In 2030, more than 300 million Chinese are expected to have moved into cities. By then, 70 percent will live in urban settings. Given China’s size, it will mean that one in six urban dwellers worldwide will be Chinese. The challenges coming with that demographic shift are already visible and well known, in China and beyond.
Urbanization is a global trend. So when we think about new approaches to urbanization here in China, we believe that they are of value for other countries facing similar issues. In other words, China’s success in urbanization could pave the way for global rethinking on how cities can be built to be healthy, efficient, and successful.
Urbanization done well, and in particular, when it also addresses integrated urban-rural development, is essentially about sharing prosperity. It is critical for shifting a development model from focusing on quantity towards quality. It is about ensuring that the benefits of development and growth reach all citizens—whether they move to the mega cities, smaller towns, or live in a rural setting.

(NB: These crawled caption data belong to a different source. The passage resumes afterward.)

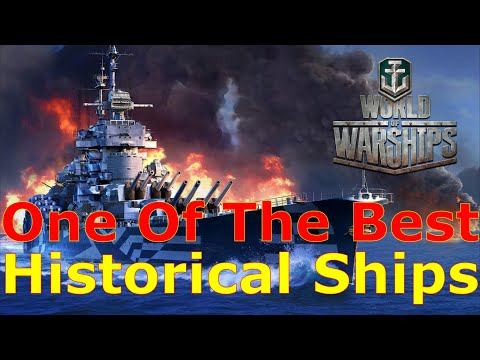 World of Warships- One OF The Best Of The Best Historical Premium Ships (Jean Bart)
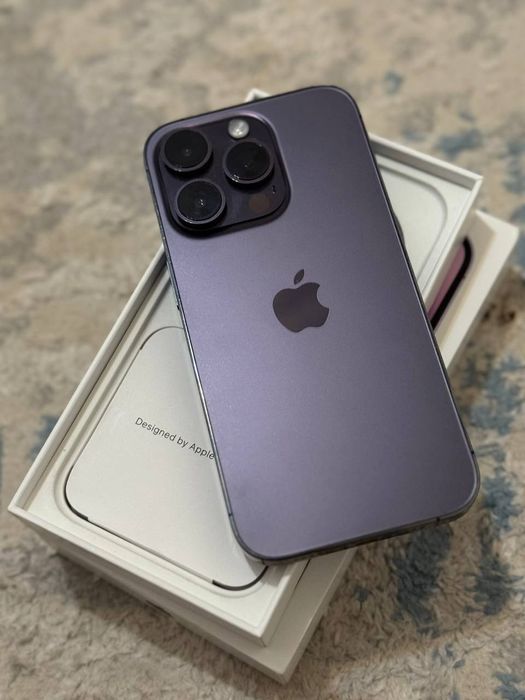 СРОЧНО iphone 14 pro 128gb 83%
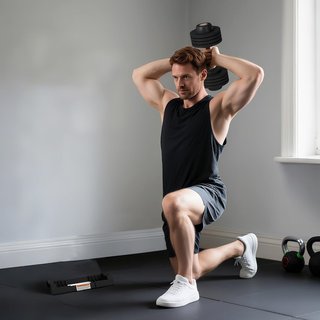 Conjunto de Pesas de Gimnasio, Conjunto de Mancuernas Ajustables para Brazos con Base de Almacenamiento y Mango Antideslizante, Mancuernas, para Entrenamiento de Fitness en Casa y Gimnasio, Negro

Urbanization can be an engine of growth—if handled well—but it needs attention and sound policies. Indeed, few countries reach high-income status without high levels of urbanization.

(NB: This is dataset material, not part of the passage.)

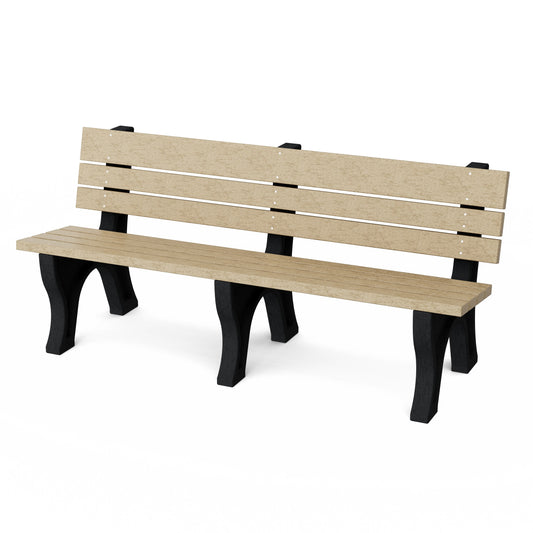 Heritage 72" Park Bench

A joint study conducted by the World Bank Group and the Development Research Center of China’s State Council, recommends priorities to establish a new urbanization model that prioritizes reforming three areas: land management and ownership, the household registration system as well as urban and local government finances.
China needs denser, not larger, cities. The low-density urban sprawl has taken its toll, and the amount of farmland still available is close to the “red line” considered necessary to ensure food security. China should focus on efficient land use, document land rights for farmers, and improve compensation for rural land taken for urban construction. So far, most of that new urban land was taken from farmers with very low compensation, often no more than 20 percent of market prices. Paying farmers based on market prices would have prevented the large urban-rural inequality gap, a major source for social unrest in China today. It would have left more land for agricultural production and environmental preservation
Meanwhile, China should switch from the hukou, the origin-based registration system, to one based on residence. The 260 million migrants still excluded by the current system should have access to basic public services. Subsidies from the central government would help cities with the most number of migrants to make the transition into a residence-based system, with a nationwide standard for public services. It would also be important to make pension benefits portable across China. That will help ensure that people can move across China without a de-facto migration tax.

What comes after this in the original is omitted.